Discovering Some of the Gemstones of Italy Would Turn your Holiday Around.
It’ s pronounced chef-a-loo, with the stress on the accented last syllable and it’s here that Roger II would commission one of the most beautiful Domes of Italy. Built in the 12th Century, it much resembles a fortress with its soaring twin towers and elaborate Byzantine mosaics.
The town, on the north coast of the Italian Island, is an amazing and picturesque example of Byzantine, Norman, Arab and Italian cultures coming all together. Back in town visitors can admire the picturesque harbour, alleys and medieval buildings. Cefalu’ has one of Sicliy’s finest beaches and everything is so postcard-pretty that director Giuseppe Tornatore chose it to set his Academy Awarded film: Cinema Paradiso.

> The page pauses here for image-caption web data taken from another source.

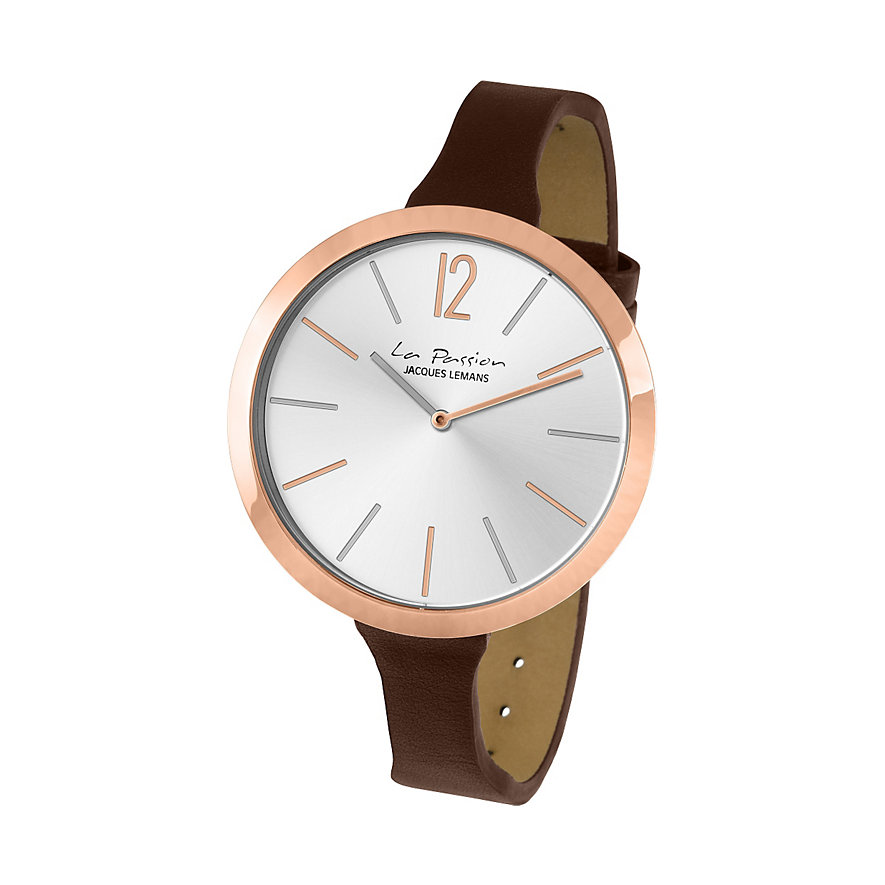 Jacques Lemans Damenuhr La Passion LP-115C Jacques Lemans Damenuhr La Passion LP-115C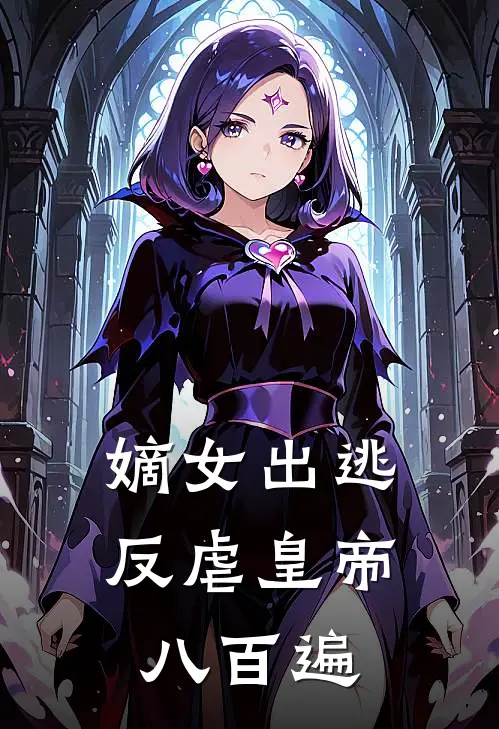 嫡女出逃：反虐皇帝八百遍
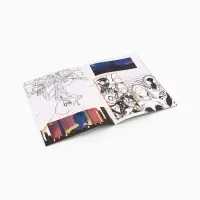 Раскраска с дополненной реальностью, А4, 24 стр.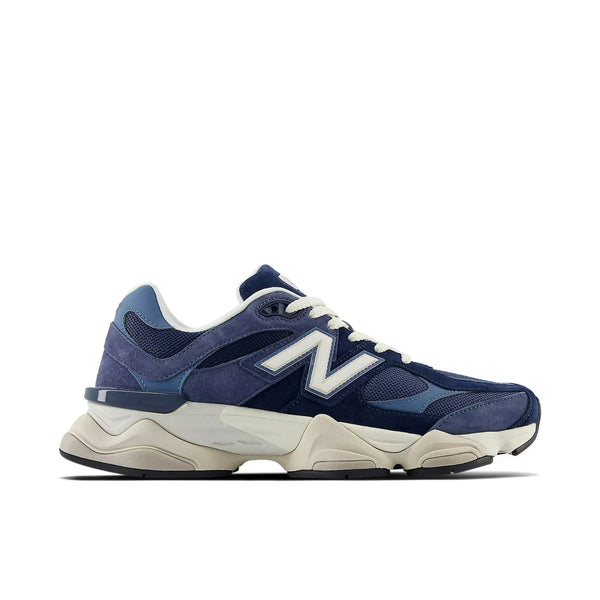 NEW BALANCE 9060 VINTAGE INDIGO HERON BLUE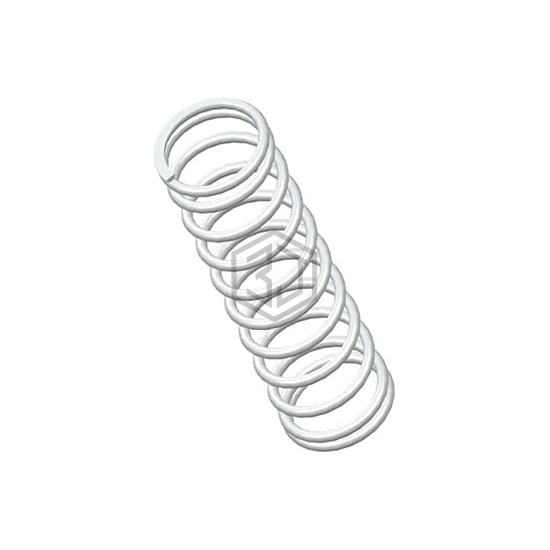 72230SCS - Century Spring Corp - Springs - Compression, Tapered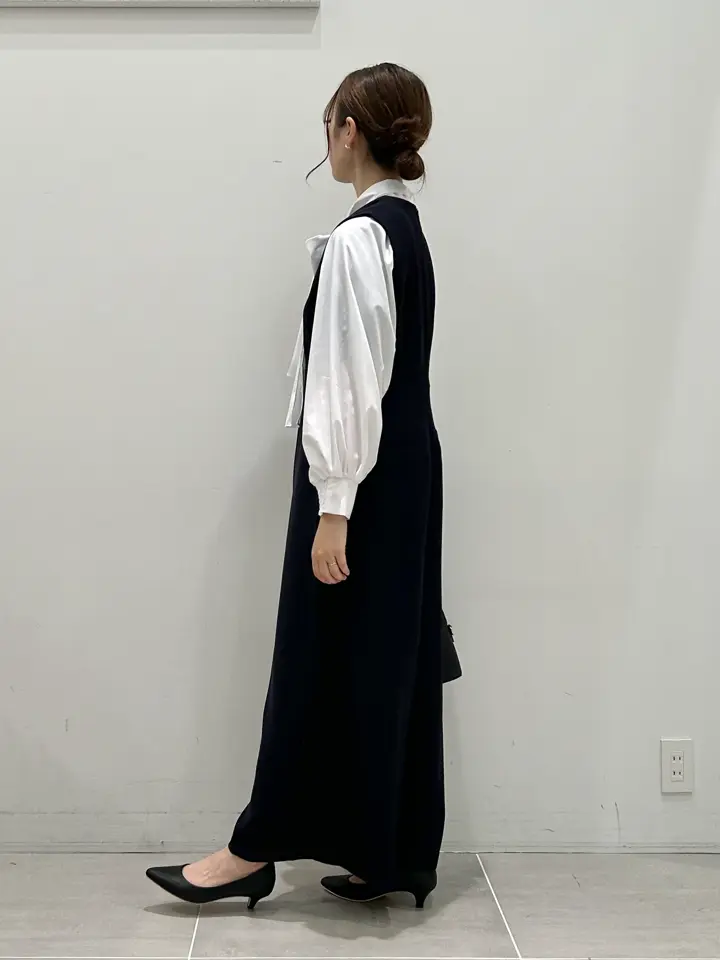 ONWARD CROSSET SELECT 豊吉 コーディネート画像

Less than one hour drive from Cefalu’, you find Santo Stefano di Camastra. Definitely unknown to many people, is actually a very important centre for the production of ceramics as much as it ’s also called The Town of Pottery.
Beautiful and colourful ceramic tiles decorate streets and building of this lovely little village
This art is one of the oldest of the Sicilian traditions and it looks like it was imported in Italy from the Spanish. As a matter of fact, Italians use the word ‘ maiolica’ to mean tile and it is the term that refers back to Majorca.
Early maioliche were decorated in just two colors: manganese–brown and copper-green. Between 1350 and 1460 improvements were made in kilns and glazes which established the polychrome decoration that is now associated with Renaissance ceramics.
A walk through its streets is a walk among colorful shops with rue masterpieces: the most traditional and picturesque mosaics and tiles.
To get to Cefalu’, you need to fly into Palermo Airport. From there take E90 for about 1-hour drive.